Exploring Machine Learning Techniques to Improve Peptide Identification

Wednesday, November 14, 2018 - 3:00pm to 4:00pm
Meeting room 2265, Innovation Center

Department of Computer Science and Engineering
University of South Carolina

Author : Fawad Kirmani
Advisor : Dr. John Rose
Date : Nov 14th , 2018
Time : 3:00 pm
Place : Meeting room 2265, Innovation Center


The goal of this work is to improve proteotypic peptide prediction with lower processing time and better efficiency. Proteotypic peptides are the peptides in protein sequence that can be confidently observed by mass-spectrometry based proteomics. One of the widely used method for identifying peptides is tandem mass spectrometry (MS/MS). The peptides that need to be identified are compared with the accurate mass and elution time (AMT) tag database. The AMT tag database helps in reducing the processing time and increases the accuracy of the identified peptides. Prediction of proteotypic peptides has seen a rapid improvement in recent years for AMT studies for peptides using amino acid properties like charge, code, solubility and hydropathy.

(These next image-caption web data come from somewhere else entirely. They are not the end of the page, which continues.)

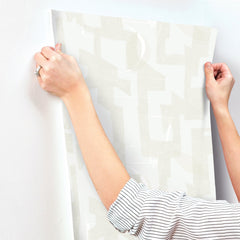 AG2102-peel-and-stick-wallpaper-stick-application-step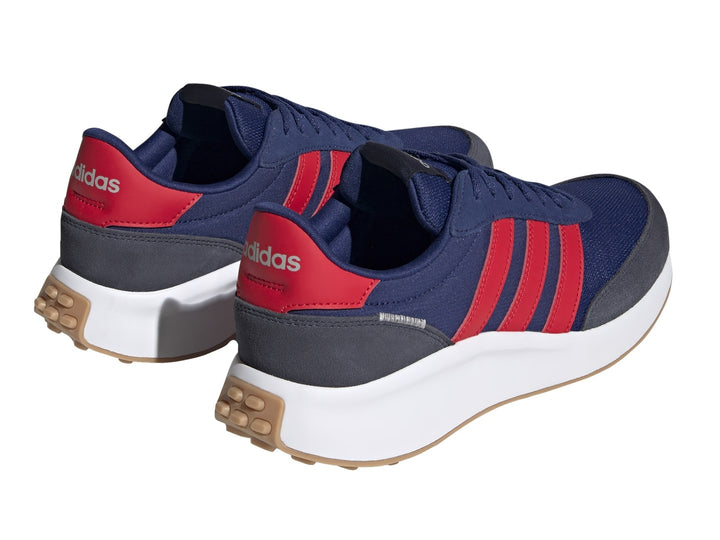 Tenis Adidas Run 70s color azul con tres franjas rojas, punta gris oscuro y suela blanca.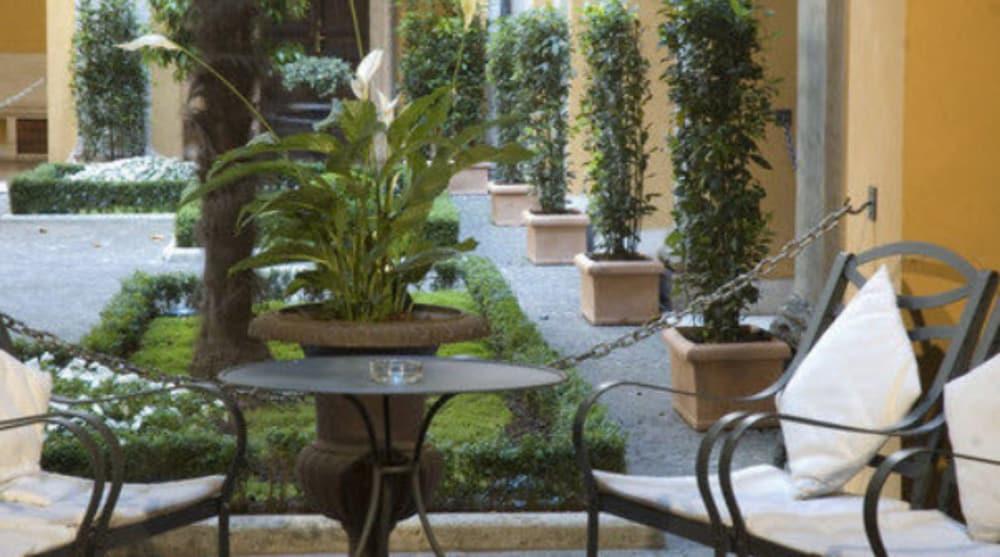 Palazzo Cardinal Cesi Hotel Rome Luaran gambar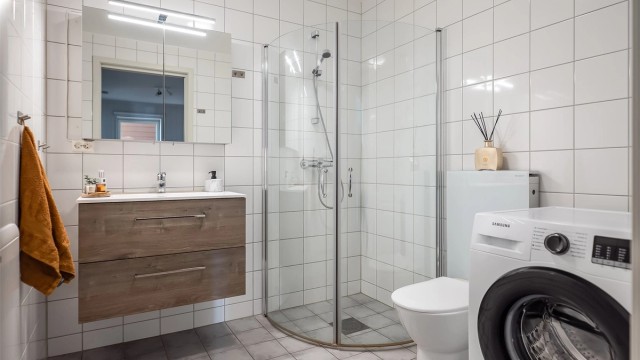 Pent flislagt bad på 4,5 kvm med gulvvarme og opplegg for vaskemaskin.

We describe the improved version of a support vector machine (SVM) classifier that has achieved similar classification sensitivity, specificity and AUC on Yersinia Pestis, Saccharomyces cerevisiae and Bacillus subtilis str. 168 datasets as was described by Web-Robertson et al. [13] and Ahmed Alqurri [10]. The improved version of the SVM classifier uses the C++ SVM library instead of the MATLAB built in library. We describe how we achieved these similar results with much lesser processing time.

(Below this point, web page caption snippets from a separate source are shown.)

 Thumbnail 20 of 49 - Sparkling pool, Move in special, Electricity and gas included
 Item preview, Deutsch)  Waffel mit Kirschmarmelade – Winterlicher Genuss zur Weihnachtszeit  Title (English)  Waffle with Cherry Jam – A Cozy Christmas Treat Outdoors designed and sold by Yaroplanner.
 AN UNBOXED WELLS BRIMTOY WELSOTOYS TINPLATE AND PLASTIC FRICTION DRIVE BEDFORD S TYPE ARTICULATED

Furthermore, we tested four machine learning classifiers on Yersinia Pestis, Saccharomyces cerevisiae and Bacillus subtilis str. 168 data. We performed feature selection from scratch, using four different algorithms to achieve better results from the different machine learning algorithms. Some of these classifiers gave similar or better results than the SVM classifiers with fewer features. We describe the results of these four classifiers with different feature sets.